Y en esta espiral enloquecida de películas producidas en la cadena de montaje de la gran industria del cine, con historias, personajes, planteamientos, situaciones y resoluciones similares –cuando no, iguales–, obviamente, la calidad pasa a un segundo o tercer plano.
Dirigidas a un público indigesto de entretenimiento, de mirada sencilla y complaciente, un público mayoritariamente light, socialmente acrítico y dócil, estos films destacan por su escasez de contenidos –no de continentes–, por la sencillez de sus argumentos, por su cobardía, encadenados a la dictadura de lo políticamente correcto, al veredicto de la mayoría, al valor de la moda instantánea y pasajera, valorando sus resultados únicamente en función de los beneficios comerciales obtenidos.
Películas que, envueltas en resplandecientes papeles de celofán, intentan convertir al cine en un moderno parque de atracciones, sobrecargando la pantalla de fuegos de artificio y montañas rusas. Jugando con el espectador, devolviéndolos a su minoría de edad mental, narcotizándolos por saturación, dejándolos postrados en un estado de éxtasis física y sensorial, convierte a los espectadores en indignos seres suplicantes dispuestos a dejarse arrastrar gregariamente por el estreno del próximo blockbuster, cautivos y atrapados en la tela de araña de diseño tejida entre esas tan cómodas butacas, imprescindibles para la multiplicación de beneficios.
Películas que no invitan a la reflexión, ni dejan poso, si quiera una leve emoción deslindada del empacho que produce su excesivo manierismo, que saturan la pantalla de actores y actrices de moda –siempre muy atractivos–, convertidos en marionetas dirigidas por los hilos del poder, en el referente del nuevo modelo social impuesto; actores que simulan su propia humildad y que, por mucho que lo niegan, contribuyen a instaurar este modelo social.

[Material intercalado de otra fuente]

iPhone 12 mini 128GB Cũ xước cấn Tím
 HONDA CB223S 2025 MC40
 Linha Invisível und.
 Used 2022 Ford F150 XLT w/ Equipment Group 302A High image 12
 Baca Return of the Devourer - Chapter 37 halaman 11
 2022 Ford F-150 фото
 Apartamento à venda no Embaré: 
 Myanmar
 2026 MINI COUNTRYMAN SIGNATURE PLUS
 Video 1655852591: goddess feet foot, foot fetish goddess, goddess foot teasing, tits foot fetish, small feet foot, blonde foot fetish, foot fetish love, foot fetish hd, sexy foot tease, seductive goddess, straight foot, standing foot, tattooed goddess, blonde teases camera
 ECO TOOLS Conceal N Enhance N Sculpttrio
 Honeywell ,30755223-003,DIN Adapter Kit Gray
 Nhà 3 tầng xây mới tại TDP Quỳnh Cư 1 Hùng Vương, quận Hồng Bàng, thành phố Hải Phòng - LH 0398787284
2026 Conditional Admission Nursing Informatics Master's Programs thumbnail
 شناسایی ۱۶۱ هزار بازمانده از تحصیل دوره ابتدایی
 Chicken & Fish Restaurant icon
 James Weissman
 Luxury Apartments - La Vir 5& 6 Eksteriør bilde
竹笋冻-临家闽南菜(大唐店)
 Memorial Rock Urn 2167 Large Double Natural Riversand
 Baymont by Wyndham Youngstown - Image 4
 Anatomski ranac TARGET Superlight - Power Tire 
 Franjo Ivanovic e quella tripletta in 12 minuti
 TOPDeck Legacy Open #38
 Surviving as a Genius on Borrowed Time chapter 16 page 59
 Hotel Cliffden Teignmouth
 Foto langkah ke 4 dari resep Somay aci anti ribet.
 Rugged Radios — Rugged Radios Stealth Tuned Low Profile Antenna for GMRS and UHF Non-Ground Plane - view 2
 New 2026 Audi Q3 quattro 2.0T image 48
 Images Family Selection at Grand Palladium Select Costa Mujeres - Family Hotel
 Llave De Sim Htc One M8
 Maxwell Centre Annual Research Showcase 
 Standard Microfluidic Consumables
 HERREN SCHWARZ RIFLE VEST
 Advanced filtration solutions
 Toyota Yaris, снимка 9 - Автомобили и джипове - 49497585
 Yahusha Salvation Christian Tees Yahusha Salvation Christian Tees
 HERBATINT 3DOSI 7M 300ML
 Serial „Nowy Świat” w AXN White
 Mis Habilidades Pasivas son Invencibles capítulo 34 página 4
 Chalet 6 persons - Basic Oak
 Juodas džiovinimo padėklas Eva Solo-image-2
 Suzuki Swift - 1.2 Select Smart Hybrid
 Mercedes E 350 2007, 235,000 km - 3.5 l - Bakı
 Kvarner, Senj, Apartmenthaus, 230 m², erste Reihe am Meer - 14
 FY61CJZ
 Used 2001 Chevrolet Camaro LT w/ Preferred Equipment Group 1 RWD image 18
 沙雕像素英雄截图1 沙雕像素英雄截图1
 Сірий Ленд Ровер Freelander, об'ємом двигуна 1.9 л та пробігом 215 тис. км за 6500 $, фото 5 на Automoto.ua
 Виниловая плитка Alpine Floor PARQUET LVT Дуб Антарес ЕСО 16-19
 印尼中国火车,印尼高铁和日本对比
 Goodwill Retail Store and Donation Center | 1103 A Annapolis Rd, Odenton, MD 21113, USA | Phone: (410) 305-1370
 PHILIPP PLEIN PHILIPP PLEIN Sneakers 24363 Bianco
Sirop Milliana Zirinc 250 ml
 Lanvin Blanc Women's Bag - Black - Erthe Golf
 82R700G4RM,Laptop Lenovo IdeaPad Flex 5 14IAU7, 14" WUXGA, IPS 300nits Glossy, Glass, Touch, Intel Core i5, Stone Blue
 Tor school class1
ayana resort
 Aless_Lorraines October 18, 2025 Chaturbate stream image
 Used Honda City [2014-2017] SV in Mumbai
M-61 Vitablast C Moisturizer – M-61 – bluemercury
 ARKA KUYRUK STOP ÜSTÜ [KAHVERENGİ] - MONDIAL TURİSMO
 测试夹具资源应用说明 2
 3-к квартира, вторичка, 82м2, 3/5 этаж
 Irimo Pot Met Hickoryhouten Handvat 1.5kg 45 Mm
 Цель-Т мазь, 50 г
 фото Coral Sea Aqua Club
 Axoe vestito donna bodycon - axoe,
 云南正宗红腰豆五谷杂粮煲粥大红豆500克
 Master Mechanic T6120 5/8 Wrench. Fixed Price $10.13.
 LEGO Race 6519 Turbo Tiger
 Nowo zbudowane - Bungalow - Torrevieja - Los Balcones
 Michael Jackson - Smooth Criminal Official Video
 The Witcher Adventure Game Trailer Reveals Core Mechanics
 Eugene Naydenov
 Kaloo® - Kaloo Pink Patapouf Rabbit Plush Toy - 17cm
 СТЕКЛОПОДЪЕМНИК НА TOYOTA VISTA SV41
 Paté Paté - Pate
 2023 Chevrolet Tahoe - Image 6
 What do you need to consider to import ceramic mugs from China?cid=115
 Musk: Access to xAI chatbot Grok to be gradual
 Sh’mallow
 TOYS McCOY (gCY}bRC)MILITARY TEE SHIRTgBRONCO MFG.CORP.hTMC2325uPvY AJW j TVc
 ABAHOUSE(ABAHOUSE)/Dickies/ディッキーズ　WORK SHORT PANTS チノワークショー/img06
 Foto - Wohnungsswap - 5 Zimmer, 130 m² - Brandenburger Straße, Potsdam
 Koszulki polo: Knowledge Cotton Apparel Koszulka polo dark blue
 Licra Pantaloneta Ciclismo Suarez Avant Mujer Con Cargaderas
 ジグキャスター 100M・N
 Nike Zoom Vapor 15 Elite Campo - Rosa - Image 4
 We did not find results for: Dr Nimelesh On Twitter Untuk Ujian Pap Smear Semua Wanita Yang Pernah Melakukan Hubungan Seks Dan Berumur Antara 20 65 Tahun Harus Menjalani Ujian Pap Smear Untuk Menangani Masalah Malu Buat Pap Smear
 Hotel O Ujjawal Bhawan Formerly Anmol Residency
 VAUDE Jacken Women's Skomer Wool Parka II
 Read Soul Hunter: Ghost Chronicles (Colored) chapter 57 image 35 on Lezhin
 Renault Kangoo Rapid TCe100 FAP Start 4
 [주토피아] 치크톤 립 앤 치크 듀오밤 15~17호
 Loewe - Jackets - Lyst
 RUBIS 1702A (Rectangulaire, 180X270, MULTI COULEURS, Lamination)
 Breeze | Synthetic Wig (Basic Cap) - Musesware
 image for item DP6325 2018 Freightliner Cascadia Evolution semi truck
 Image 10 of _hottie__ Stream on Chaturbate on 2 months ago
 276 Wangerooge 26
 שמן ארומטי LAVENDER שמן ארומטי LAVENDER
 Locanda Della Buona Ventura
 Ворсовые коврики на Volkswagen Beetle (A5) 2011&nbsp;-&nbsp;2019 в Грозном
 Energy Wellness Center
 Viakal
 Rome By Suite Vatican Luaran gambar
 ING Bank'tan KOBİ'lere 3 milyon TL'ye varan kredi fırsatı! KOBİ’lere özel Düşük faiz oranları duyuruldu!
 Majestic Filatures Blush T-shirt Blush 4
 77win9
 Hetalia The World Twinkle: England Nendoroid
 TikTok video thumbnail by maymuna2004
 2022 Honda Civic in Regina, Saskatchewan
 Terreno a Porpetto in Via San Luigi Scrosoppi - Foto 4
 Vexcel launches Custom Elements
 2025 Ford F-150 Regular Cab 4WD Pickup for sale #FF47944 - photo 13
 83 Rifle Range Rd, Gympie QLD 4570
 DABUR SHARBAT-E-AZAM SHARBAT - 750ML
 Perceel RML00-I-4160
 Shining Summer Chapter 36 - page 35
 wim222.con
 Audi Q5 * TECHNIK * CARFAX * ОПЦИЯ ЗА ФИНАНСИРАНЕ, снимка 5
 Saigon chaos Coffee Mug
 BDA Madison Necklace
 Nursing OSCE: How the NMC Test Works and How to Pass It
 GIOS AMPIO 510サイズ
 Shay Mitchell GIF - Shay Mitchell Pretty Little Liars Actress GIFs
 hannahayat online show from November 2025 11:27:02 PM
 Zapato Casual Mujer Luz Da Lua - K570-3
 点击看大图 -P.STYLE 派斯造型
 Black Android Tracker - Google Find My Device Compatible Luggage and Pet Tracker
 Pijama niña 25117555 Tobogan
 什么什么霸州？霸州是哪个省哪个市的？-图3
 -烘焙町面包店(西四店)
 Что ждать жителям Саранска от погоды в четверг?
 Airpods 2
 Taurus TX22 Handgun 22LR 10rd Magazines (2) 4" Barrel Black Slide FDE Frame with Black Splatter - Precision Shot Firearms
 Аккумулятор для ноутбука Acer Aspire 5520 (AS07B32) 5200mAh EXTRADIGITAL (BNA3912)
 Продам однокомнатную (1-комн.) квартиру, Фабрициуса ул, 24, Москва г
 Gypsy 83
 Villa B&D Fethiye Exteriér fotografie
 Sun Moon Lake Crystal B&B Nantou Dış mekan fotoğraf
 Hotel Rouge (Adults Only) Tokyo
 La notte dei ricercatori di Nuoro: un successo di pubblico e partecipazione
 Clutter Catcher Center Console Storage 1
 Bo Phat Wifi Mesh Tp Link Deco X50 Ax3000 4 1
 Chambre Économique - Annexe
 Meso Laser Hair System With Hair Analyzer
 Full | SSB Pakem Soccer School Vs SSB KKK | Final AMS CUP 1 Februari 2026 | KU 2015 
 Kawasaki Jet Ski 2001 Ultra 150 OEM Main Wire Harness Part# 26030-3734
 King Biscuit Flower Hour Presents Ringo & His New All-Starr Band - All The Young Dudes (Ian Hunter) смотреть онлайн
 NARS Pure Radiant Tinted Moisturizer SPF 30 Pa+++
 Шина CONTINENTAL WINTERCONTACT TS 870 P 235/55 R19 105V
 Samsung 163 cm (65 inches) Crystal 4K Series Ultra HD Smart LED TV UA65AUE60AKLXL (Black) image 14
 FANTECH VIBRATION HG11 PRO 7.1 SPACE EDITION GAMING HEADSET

Películas que son, en definitiva, deshonestas, sin alma ni corazón, que, recubiertas por trazas de sanguinolentas vísceras, envilecen a la sociedad, como causa y consecuencia, y que consiguen distraer de lo más importante: que lo que de verdad llena de un sentido a nuestra vida no se encuentra en ese falso mundo de apariencias simuladas que, entre todos, hemos construido.
¿Qué es un Blockbuster? Dícese de aquellos films, convertidos ya en un subgénero cinematográfico en sí mismos, que representan la edad dorada de la sociedad de lo efímero.